§ **What this task involves**:
Please write out the entire listing below exactly, excluding its pictures.
┄┄┄┄┄┄
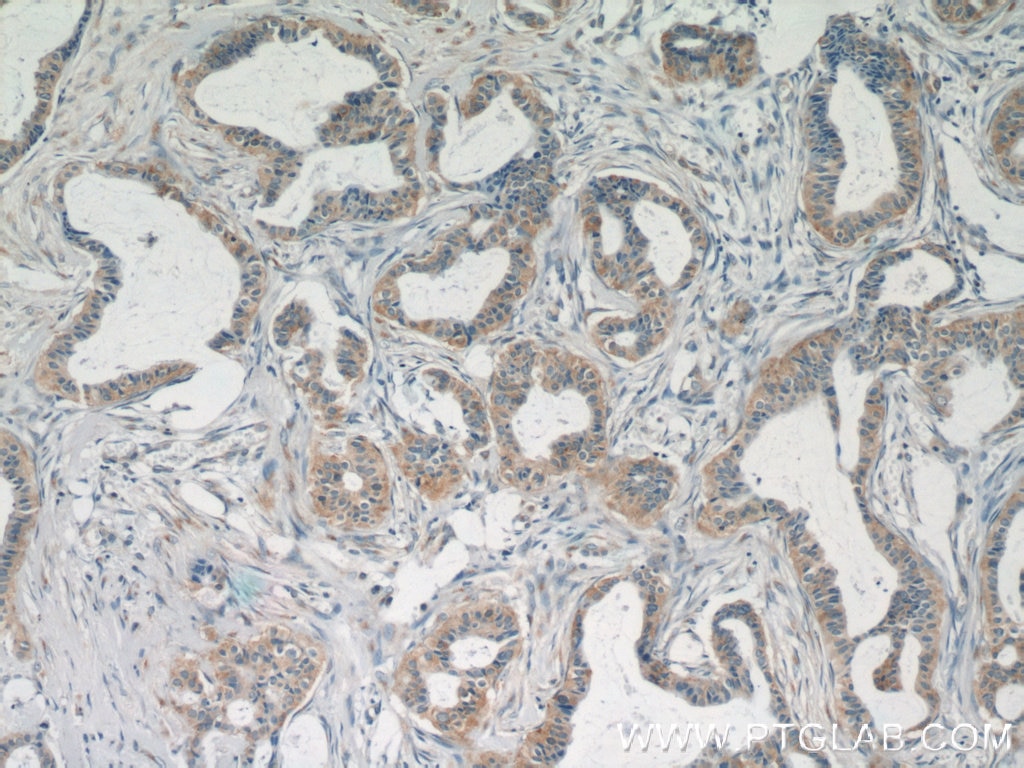 IHC staining of human breast cancer using 15691-1-AP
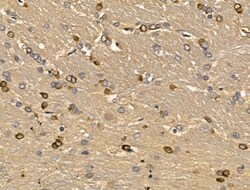 Invitrogen MGAT5B Polyclonal Antibody 100 &mu;L; Unconjugated:Antibodies,
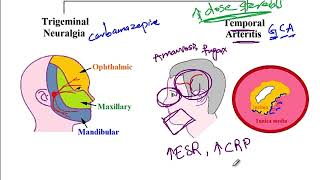 USMLE ACE Video 212 Differential Diagnosis of Jaw Pain Trigeminal Neuralgia vs Temporal Arteritis [upl. by Gaulin676]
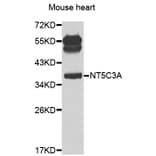 Western Blot - Anti-NT5C3A Antibody (A7593) - Antibodies.com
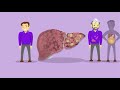 Cirrhosis - What is cirrhosis?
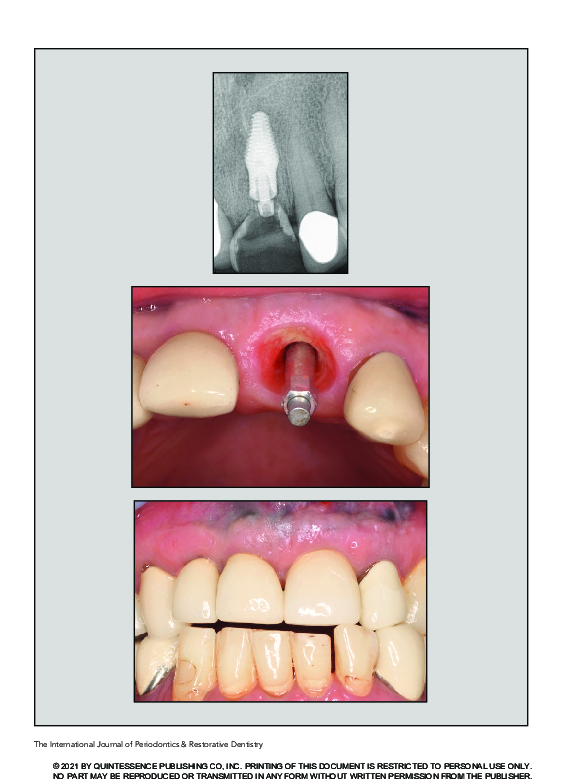 (PDF) A Novel Implant Design for Immediate Extraction Sites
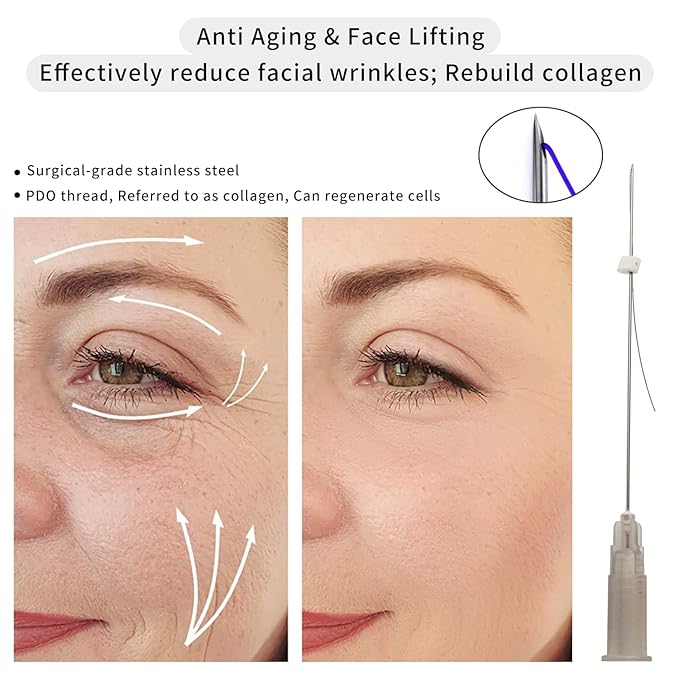 elves Pdo Mono Threads for Face Lift, Pdo Threads Lift 27G50mm, PDO Threads for Face Whole Body Lifting, PDO Smooth Threads Lifting 20Pcs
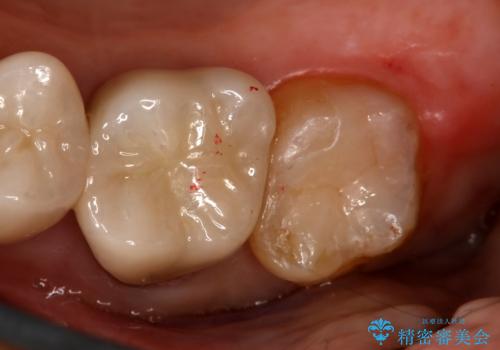 銀歯をやり変えたい　セラミックインレーの症例 治療後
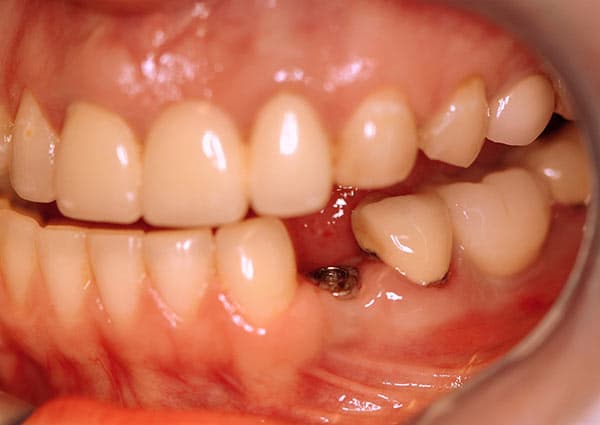 Before complete dentures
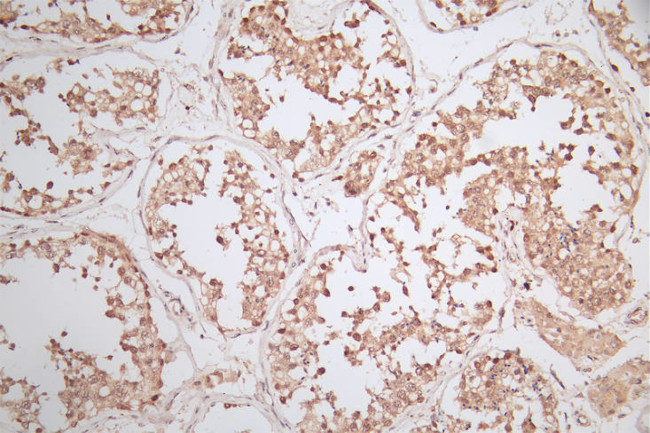 WDR5 Antibody in Immunohistochemistry (Paraffin) (IHC (P))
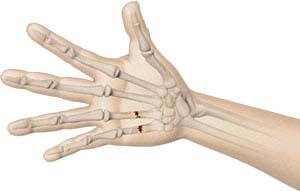 Hand and Finger Fractures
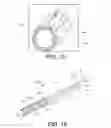 Fig. 10 - Devices and methods for fixation of bodily implants
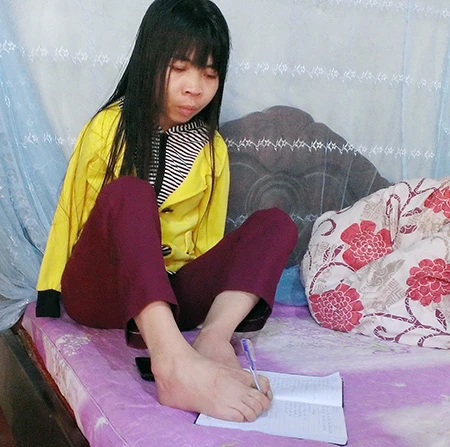 Người phụ nữ bị mang đi giấu vì … dị dạng ảnh 1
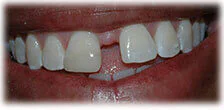 CASE 21: Emergency Dentist – Fractured Tooth - After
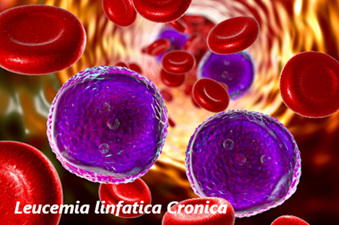 Leucemia linfatica cronica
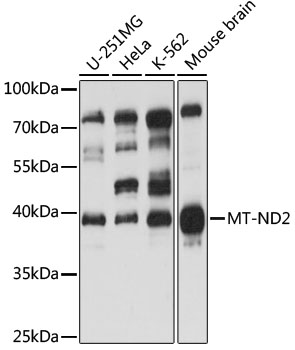 Western blot - MT-ND2 Polyclonal Antibody 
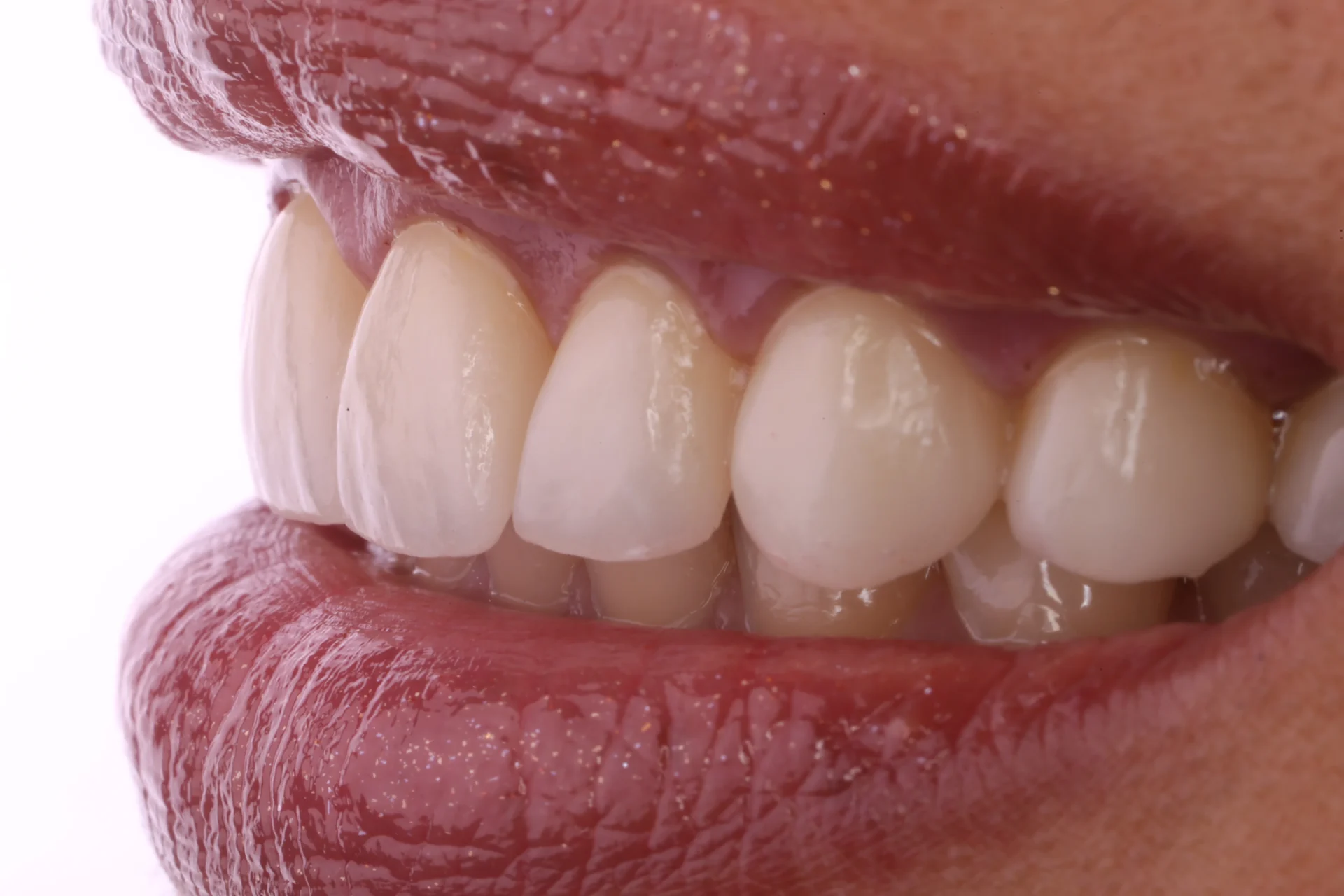 Veneers 8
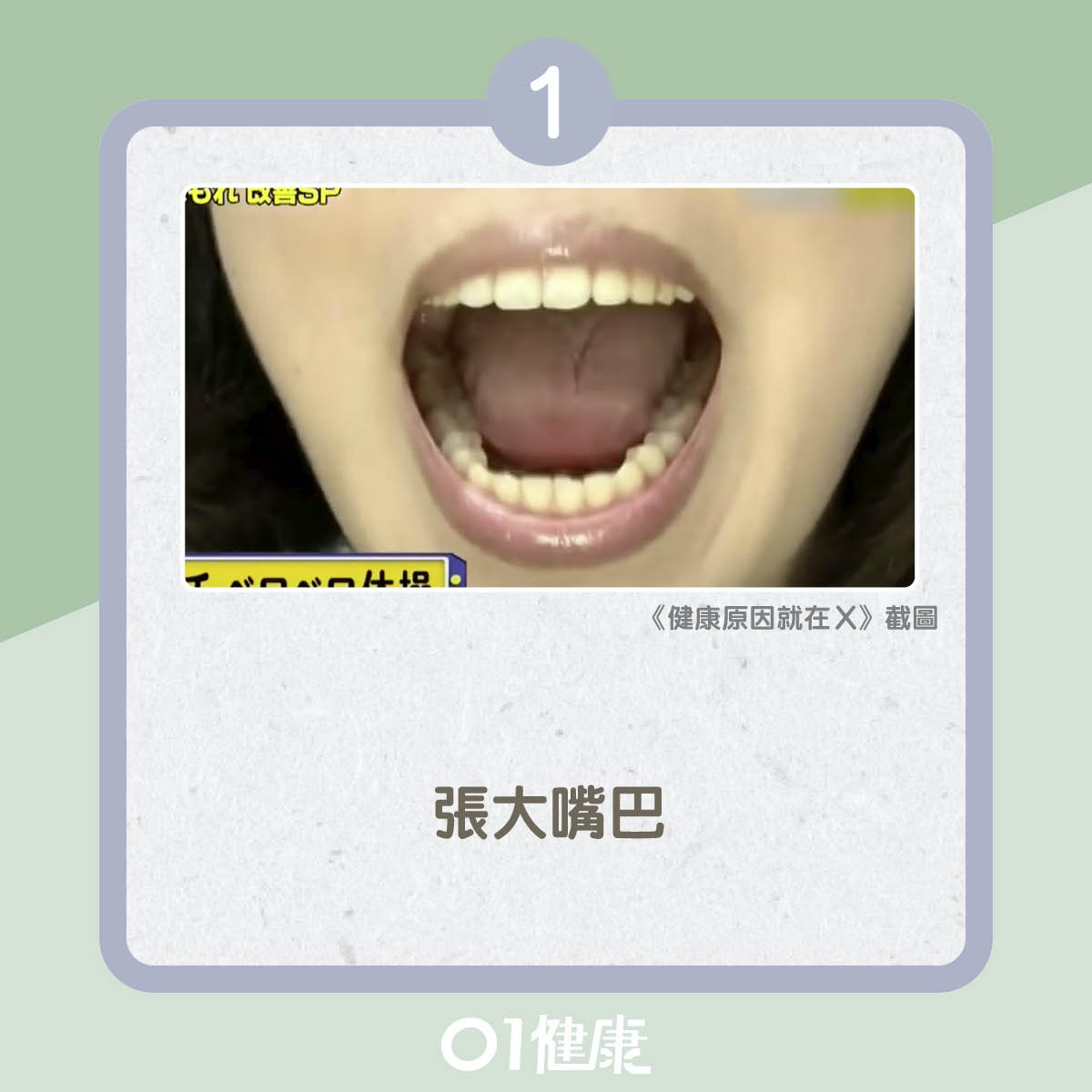 口部健康操(01製圖) 口部健康操(01製圖)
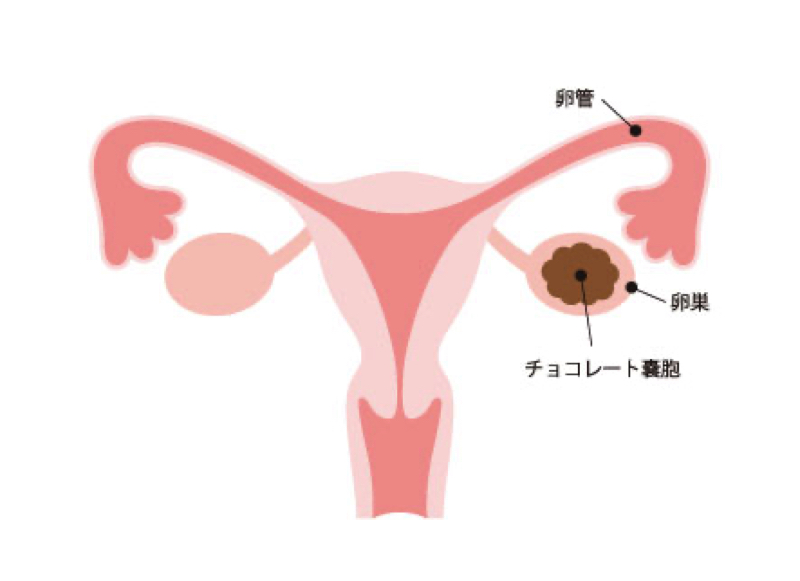 チョコレート嚢胞（卵巣子宮内膜症）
┄┄┄┄┄┄
§ **Worked solution**:
 IHC staining of human breast cancer using 15691-1-AP
 Invitrogen MGAT5B Polyclonal Antibody 100 &mu;L; Unconjugated:Antibodies,
 USMLE ACE Video 212 Differential Diagnosis of Jaw Pain Trigeminal Neuralgia vs Temporal Arteritis [upl. by Gaulin676]
 Western Blot - Anti-NT5C3A Antibody (A7593) - Antibodies.com
 Cirrhosis - What is cirrhosis?
 (PDF) A Novel Implant Design for Immediate Extraction Sites
 elves Pdo Mono Threads for Face Lift, Pdo Threads Lift 27G50mm, PDO Threads for Face Whole Body Lifting, PDO Smooth Threads Lifting 20Pcs
 銀歯をやり変えたい　セラミックインレーの症例 治療後
 Before complete dentures
 WDR5 Antibody in Immunohistochemistry (Paraffin) (IHC (P))
 Hand and Finger Fractures
 Fig. 10 - Devices and methods for fixation of bodily implants
 Người phụ nữ bị mang đi giấu vì … dị dạng ảnh 1
 CASE 21: Emergency Dentist – Fractured Tooth - After
 Leucemia linfatica cronica
 Western blot - MT-ND2 Polyclonal Antibody 
 Veneers 8
 口部健康操(01製圖) 口部健康操(01製圖)
 チョコレート嚢胞（卵巣子宮内膜症）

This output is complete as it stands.